While welcoming the church-affiliated hospital’s measures after learning of the 18-year-old’s death from COVID-19, there is one unfortunate reality, Adrien said.

“By quarantining a large part of the staff, the hospital is unable to provide services as usual,” he said. The incident shows that “it is imperative to continue with the training of staff on prevention and precautionary measures, and especially to begin to have enough protective equipment for staff.”

But the main challenge he believes Haiti faces “is raising public awareness to limit the community spread of the virus.”

Several recent incidents — including the escape of a recently returned U.S. deportee from government quarantine after he learned he had COVID-19, and later, five individuals in the city of Hinche also escaped while awaiting test results — are all linked, Adrien said, to Haitians’ fear and lack of knowledge about the pandemic.

The stigma surrounding COVID-19 and the lack of protective equipment have left health care workers and hospital staff feeling vulnerable and exposed, as some Haitians threaten to burn down facilities caring for patients with the coronavirus.

Last week, a crowd forced its way into an isolated coronavirus treatment center opened by the Bishop Joseph M. Sullivan Center for Health in the southeastern town of Cote-de-Fer. In the dead of night, they took their dying pastor, who was in a coma after testing positive for COVID-19, from his hospital bed. Not believing he had the disease, they transported him in the back of a pickup to Aquin, another southern town, where he died.
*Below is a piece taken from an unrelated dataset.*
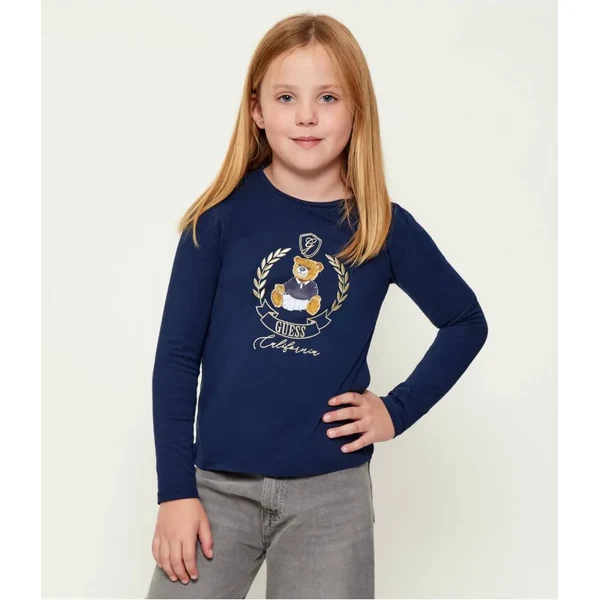 Guess Blúzka | regular fit 65766299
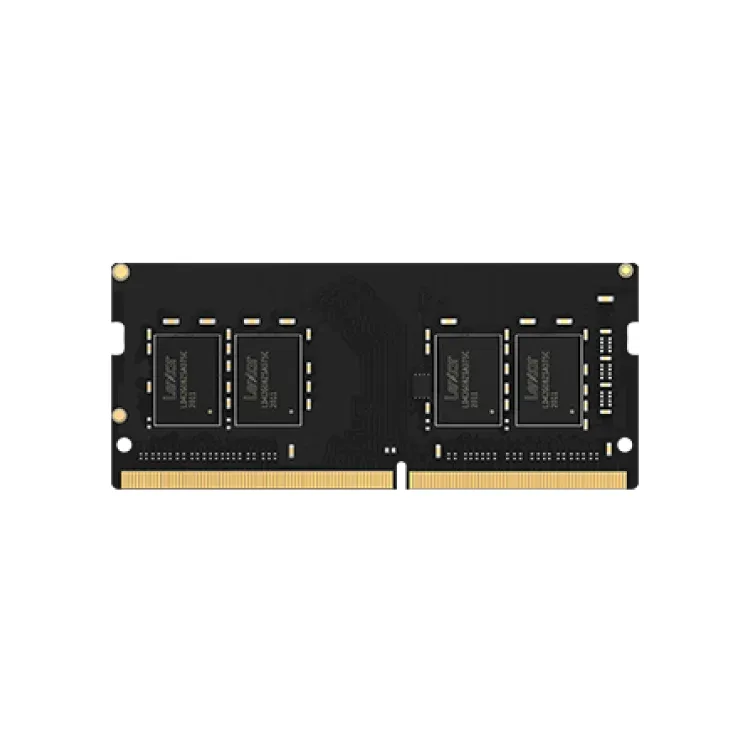 Memoria RAM 16GB DDR4 3200MHZ Lexar Sodimm LD4AS016G-B3200GSST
Counting down the days since the incident, some of those who were part of the crowd have warned the hospital’s staff of imminent protests if no one in the group dies during the 14-day incubation period since contact was made with the infected pastor.

“For them, it’s as if the ministry of health is making up cases and the cases are not real,” said Dr. Jean Daniel Laguerre, the hospital’s medical director, who filmed the incident. “The population doesn’t believe.”

“Even in a country of affluence like the United States, it’s evident there wasn’t preparation given the amount of deaths,” Laguerre said, “so just imagine for Haiti, which is truly limited economically and human-resources wise, and we are really limited in terms of equipment.”

The director of the church-run hospital in Port-au-Prince said they were in the throes of preparations for the coronavirus pandemic when President Jovenel Moise confirmed the virus’ arrival in Haiti on March 19.

“Everything just collapsed,” said the director, describing the announcement’s impact. “It was as if an airplane was flying and then it just crashed.”

In the month since, the flow of patients seeking medical care has slowed immensely, he said. The pediatric clinic, which used to see as many as 90 patients a day, last Thursday only saw 10. While some people aren’t coming because they can’t afford care, others aren’t coming because of the virus.

“People are afraid to come to the hospital,” the director said. “They are afraid of the coronavirus. They are afraid of crossing paths with anyone who has it and if you tell them that they have it, it’s a catastrophe for them … . With this coronavirus, we truly cannot function. It’s a huge hit.”

Still, the hospital has responded to the health ministry’s call, committing to provide a block of rooms consisting of 24 beds separated by curtains in a common space and four private rooms, plus another eight beds for isolation.

But concerns remain.

“If we don’t have equipment to protect us, if there is no possibility to provide it to us, then it is increasingly possible that you will find among those who are working those who will say, ‘It’s my life before everything else,’ ” the director said. “I have to always have at the back of my mind that some may quit.

“Whether we like it or not, whether we create a space for COVID or not, whether we find the means to have it function as a COVID space or not, COVID is coming here.”